---------- Records shown
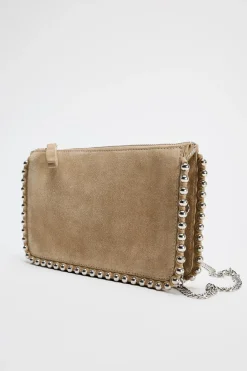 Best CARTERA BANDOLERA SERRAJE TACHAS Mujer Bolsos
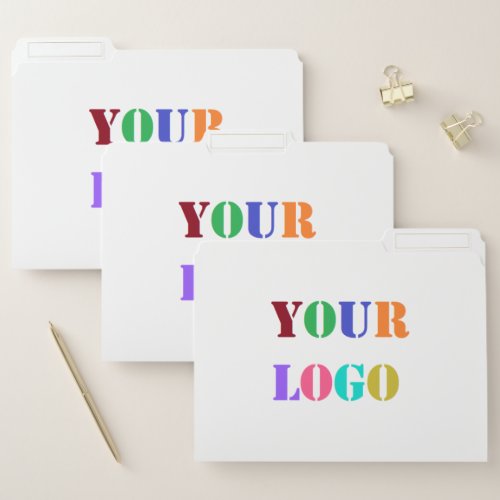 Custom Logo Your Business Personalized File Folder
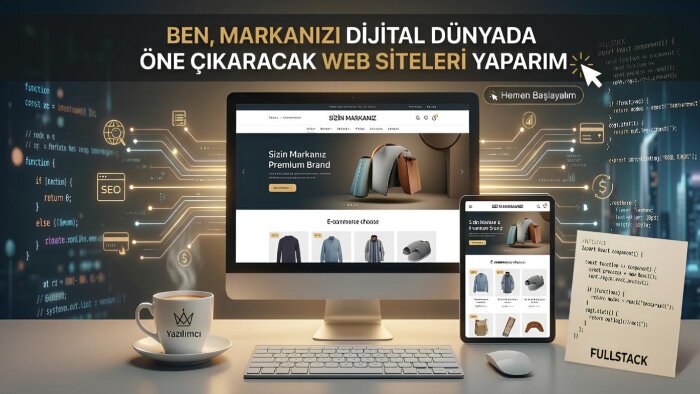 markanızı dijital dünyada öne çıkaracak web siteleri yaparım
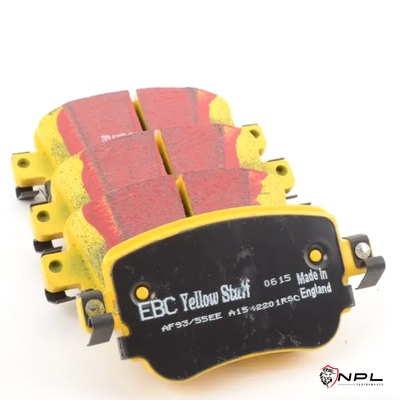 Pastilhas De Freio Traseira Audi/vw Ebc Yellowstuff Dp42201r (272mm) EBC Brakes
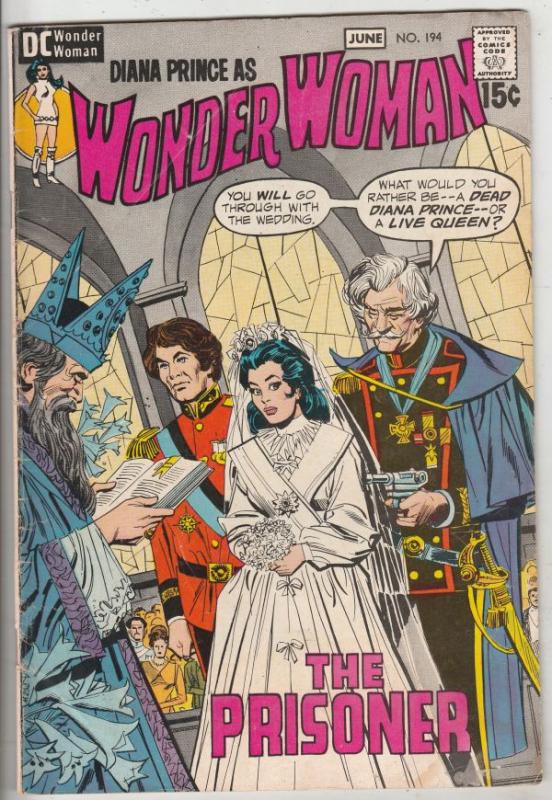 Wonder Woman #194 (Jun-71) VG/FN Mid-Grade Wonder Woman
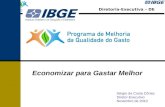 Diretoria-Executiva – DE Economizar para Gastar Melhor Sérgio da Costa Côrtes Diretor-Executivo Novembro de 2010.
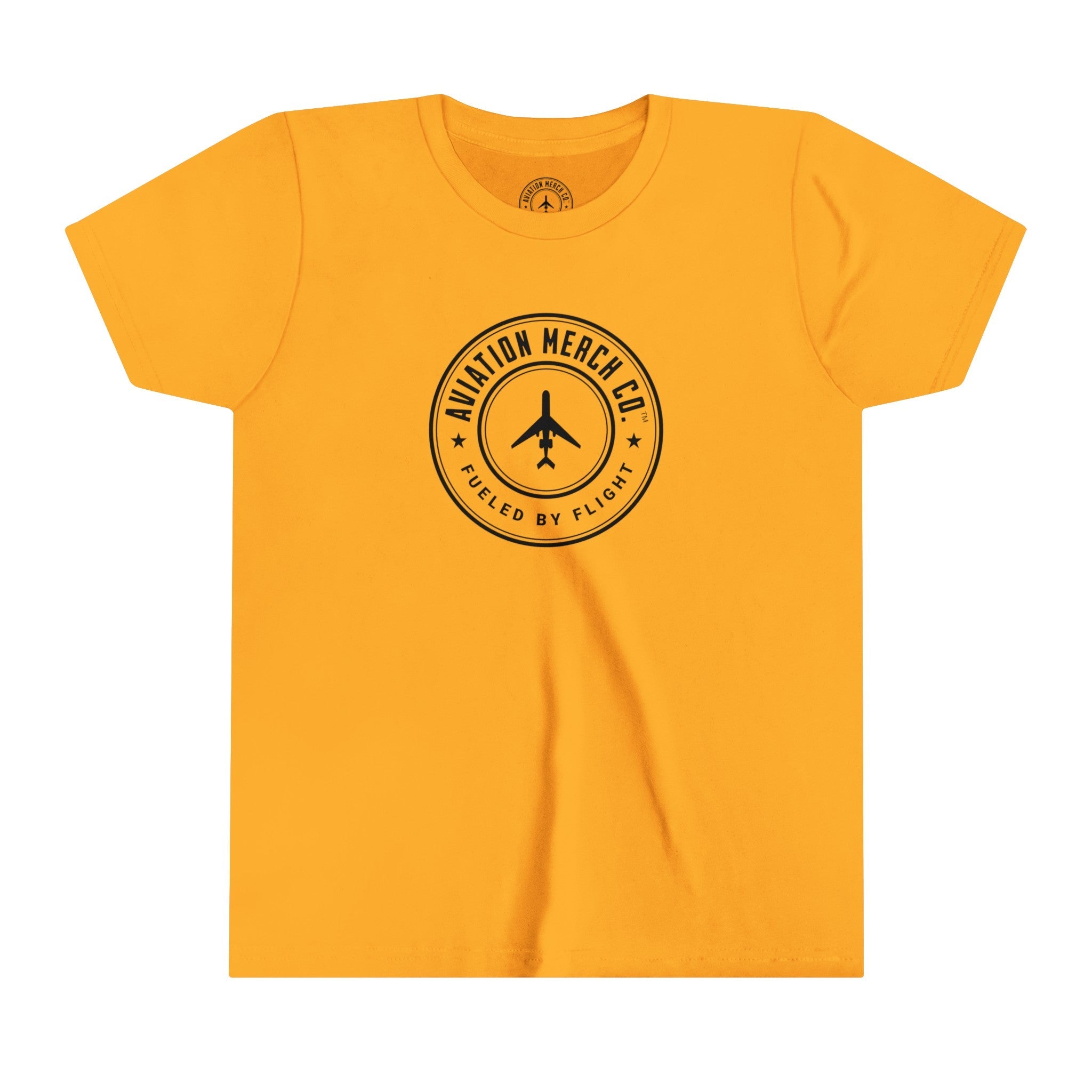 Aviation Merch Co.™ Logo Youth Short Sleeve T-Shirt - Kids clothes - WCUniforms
--------------------
Your assignment -> Skip the pictures and quote each line of the entries above, from the first through the line with "Wonder Woman #194", exactly as it appears.

Finished exercise ->
 Best CARTERA BANDOLERA SERRAJE TACHAS Mujer Bolsos
 Custom Logo Your Business Personalized File Folder
 markanızı dijital dünyada öne çıkaracak web siteleri yaparım
 Pastilhas De Freio Traseira Audi/vw Ebc Yellowstuff Dp42201r (272mm) EBC Brakes
 Wonder Woman #194 (Jun-71) VG/FN Mid-Grade Wonder Woman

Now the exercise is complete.